The other question I need to provide -U reservation_id for the job to run during reservation. Is it possible to omit it, so users don't need to keep track of reservations and if reservation is valid job will run in it. We are using IBM Platform LSF Standard 9.1.2.0.
Thanks,
Sveta Mazurkova.
Hi Bill,
Sorry for very late replay. Can you please reopen this PMR. Unfortunately I haven't received e-mail with your questions and I wonder why.
Please, check historical PMR on this issue. [PMR 77813,7TD,000]
Summering your suggestion: User can submit job with -We and job may start to run before normal user reservation even if -We time will overlap with reservation and continue to run regardless of the start time reservation. Is it correct? I am going to test it now.
Thanks,
Sveta.
Sveta, I'm not sure I understand your request.
There are two run limit parameters, -We (run estimate) and -W (hard runlimit). The run estimate parameter allows the user to specify their best guess, but they won't get penalised for it if they are wrong.
When trying to fit a job in before a system reservation, the scheduler will use -We if specified. So if someone wants to take the risk and try and get their job in before the reservation starts, they could do bsub -We 1 a.out and if it finishes in time then great, if not, it will get killed.

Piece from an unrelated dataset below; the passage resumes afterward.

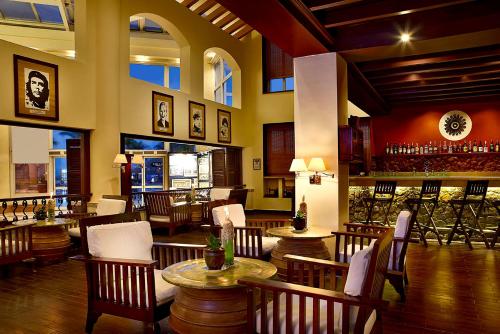 um restaurante com mesas e cadeiras e um bar em Safir Sharm Waterfalls Resort em Sharm El Sheikk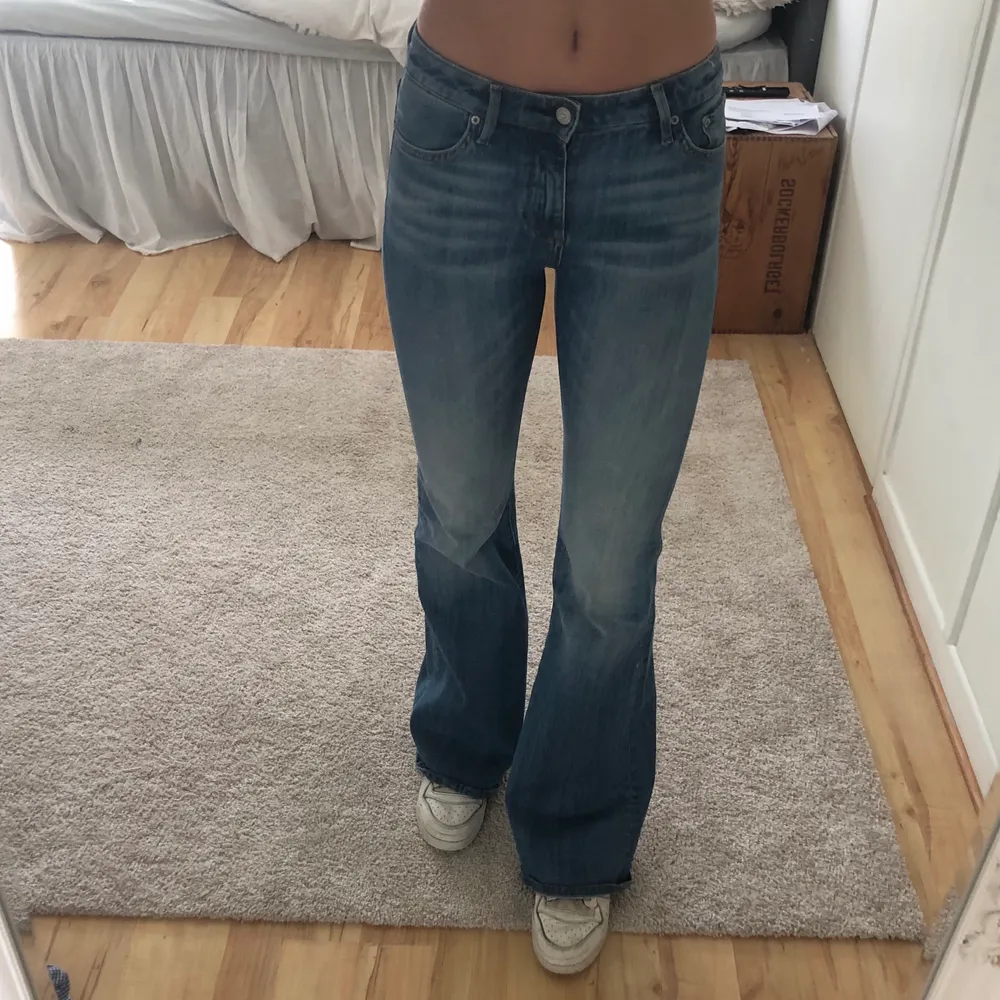 Lågmidjade jeans köpta secondhand i märker crocket, långa i benen på mig som är 174💕 250 plus frakt. Jeans & Byxor.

By definition, a system reservation is exclusive, so jobs that haven't completed by the time it becomes active will be killed.
If you don't want them killed, the simplest solution would be to create a normal user reservation, rather than system reservation - jobs will continue past the start of the reservation. And when you really want to do maintenance, you can either explicitly kill them, or submit a job that will fill the reservation which will force those jobs to be killed/requeued.
Regards,
Bill McMillan, Global Product Portfolio Manager for the IBM Platform LSF Family
Creating a new RFE based on Community RFE #65036 in product Platform LSF.